Why, then, don’t my students approach these agents? Often they seem to be waiting for others to help them out. And while writing professors should help their students, ultimately it’s up to the writer himself. Besides, connections are overrated. When I began to look for an agent, I queried nine of them, two of whom I had a connection to. But neither of those agents agreed to take me on. Of the three agents who offered to represent me, none of them had ever heard of me before my query letter arrived. I found them by looking up the agents of writers I admired. This is public information; you can call the publisher to find out; oftentimes, a writer thanks her agent in the book’s acknowledgments page. Then I spent several weeks working on a letter that would convince the agent she had to read my book. Young writers think this isn’t their job, that it’s the agent’s job to sell their book. But it’s the writer’s job to sell his book to the agent. If he can’t do that, how can he expect the agent to sell it for him?
Work or Volunteer in Publishing
The year after I graduated from college, I interned for a magazine where I was the first reader of fiction submissions. It was the best thing I’ve ever done for my writing career. Prior to that, I had written some fiction and wanted to be a writer, but I thought I wasn’t good enough. Seeing how bad the average submission was gave me courage: if others were willing to try and fail, I should be willing to try and fail, too. But more striking was the sheer number of submissions. And among them were some very good ones. This taught me two important lessons. First, don’t take rejection personally. So much is luck; you have to keep entering the lottery. I know this first-hand. Both my novels were rejected many times before they found a publisher. The short story of mine that has done the best, that has been performed on “Selected Shorts” and anthologized in Spanish translation and cited for distinction in Best American Short Stories, was rejected by more journals—over forty—than any other short story I’ve written.

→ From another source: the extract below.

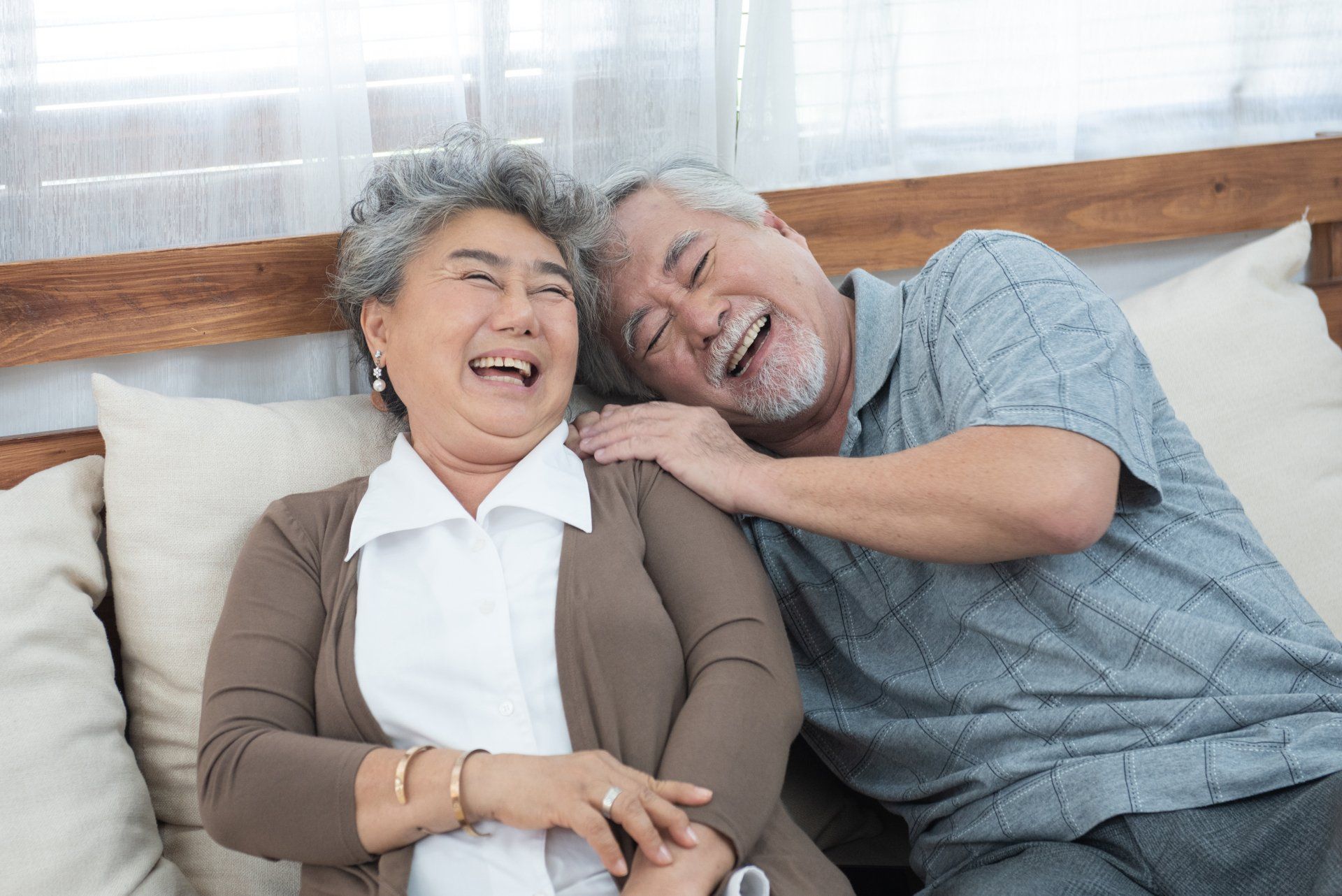 Older couple laughing with new bonded teeth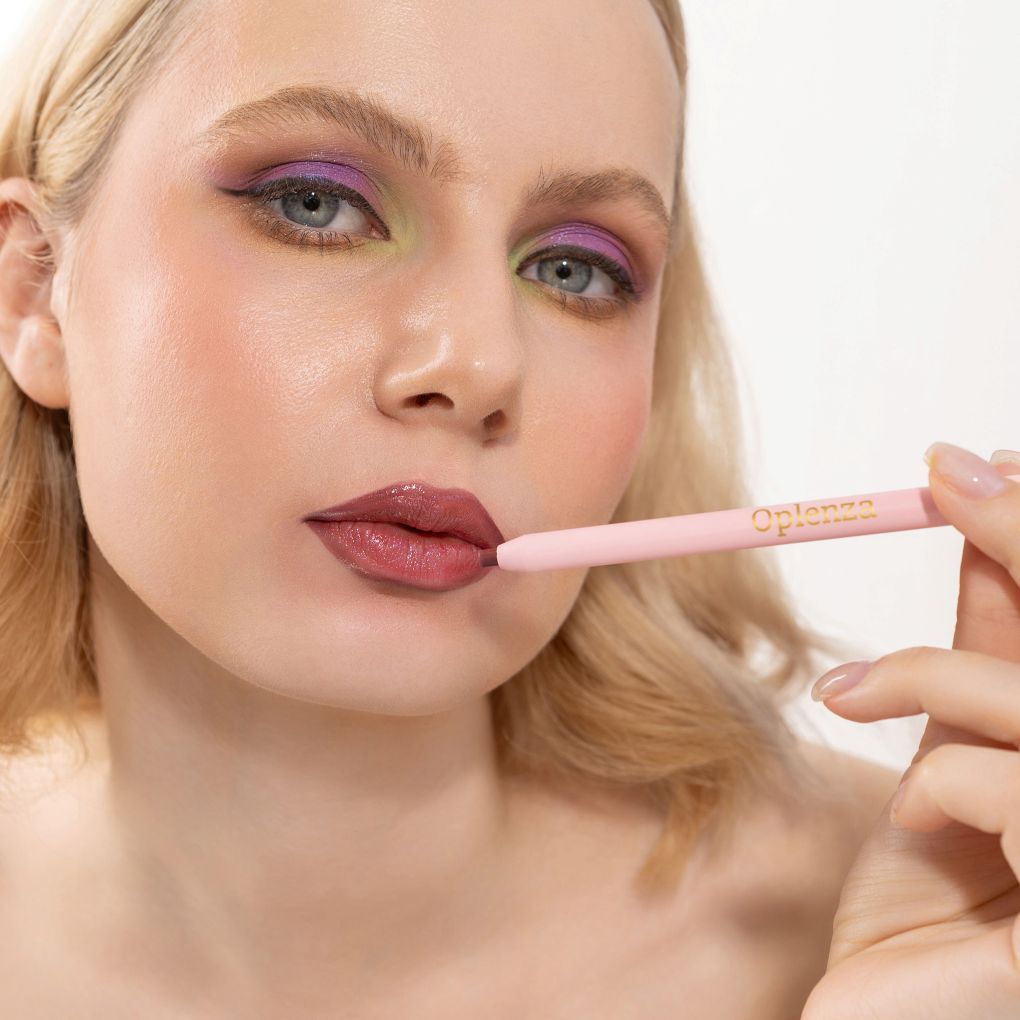 An elegant woman wearing and showcasing the vegan, luxury and cruelty free oplenza Define & Refine Lip Liner in the color 23 Berry Bold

The second lesson I learned is that an editor will do anything not to read your work. Every sentence has to be perfect and essential. This is true for aesthetic reasons, certainly, but also for publishing ones. If you think an editor will read to the tenth page, which is when your novel really begins, you don’t understand what publishing is like. A typo in the second sentence, a spelling mistake, and your manuscript goes in the rejection pile. It astonishes me how often a student will send work to an agent or editor that hasn’t been properly proofread. A writer needs to treat her work like she cares about it if she expects others to care about it, too
And while my students are at it, I suggest they consider leaving New York. I’ve had many talented graduate students who are too busy trying to make a living either to write or sell their work. True, if you move to Idaho, you’re unlikely to run into an agent at a party. But a lot of people have met a lot of agents at a lot of parties, with little to show for it. I went to graduate school in Michigan and stayed there for another six years. I doubt I’d have finished my first novel, much less sold it, if I’d been living in New York. The odds are so stacked against the young writer that he needs to do everything he can conceive of to give himself a chance. So conceive of Michigan, or Idaho. Write your book. Spend time on it. Then spend time marketing it. It can be done from far away. There’s email now, and Fax machines. Then, if you get lucky and you’re so inclined, you can move back to New York.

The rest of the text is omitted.